Aux cris demi formés de leurs voix expirantes,Au spectacle effrayant de leurs cendres fumantes,Direz-vous: C'est l'effet des éternelles lois,Qui d'un Dieu libre et bon nécessitent le choix?Direz-vous, en voyant cet amas de victimes:Dieu s'est vengé, leur mort est le prix de leurs crimes?Quelle crime, quelle faute ont commis ces enfansSur le sein maternel écrasés et sanglans?Lisbonne, qui n'est plus, eut-elle plus de vicesQue Londres, que Paris, plongés dans les délices?Lisbonne est abîmée, et l'on danse à Paris.

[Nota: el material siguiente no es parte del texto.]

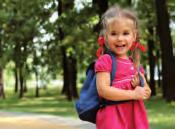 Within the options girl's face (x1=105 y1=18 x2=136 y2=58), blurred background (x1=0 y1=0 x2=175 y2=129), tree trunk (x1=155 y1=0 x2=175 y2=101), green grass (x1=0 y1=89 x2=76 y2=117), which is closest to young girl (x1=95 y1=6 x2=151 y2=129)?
girl's face (x1=105 y1=18 x2=136 y2=58)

Igualmente se niega, aunque no en términos, a consolarse con el reflejo de que, a falta de una mejor, la actual teoría desigual del gobierno providencial del universo, porque puede ser posible, debe ser cierta. No puede encontrar respuesta, y confiesa su creencia de que el esfuerzo humano no puede encontrar respuesta. Cualquier lado que tomemos, solo podemos estremecernos; no hay nada que sepamos, nada que no tengamos que temer. La naturaleza es muda, y la interrogamos en vano; el libro del destino está cerrado a nuestros ojos.
L'homme, étranger à soi, de l'homme est ignoré.Que suis-je? où suis-je? où vais-je? et d'où suis-je tiré?Atomes tourmentés sur cet amas de boue,Que la mort engloutit, y no le sort se joue,Mais atomes pensans, atomes dont les yeux,Guidés par la pensée, ont mesuré les cieux,285Au sein de l'infini nous élaçons notre être ,Sans pouvoir un moment nous voir et nous connaître.*****Le passé n'est pour nous qu'un triste souvenir;Le présent est affreux, s'il n'est point d'avenir,Si la nuit du tombeau détruit l'étre qui pense.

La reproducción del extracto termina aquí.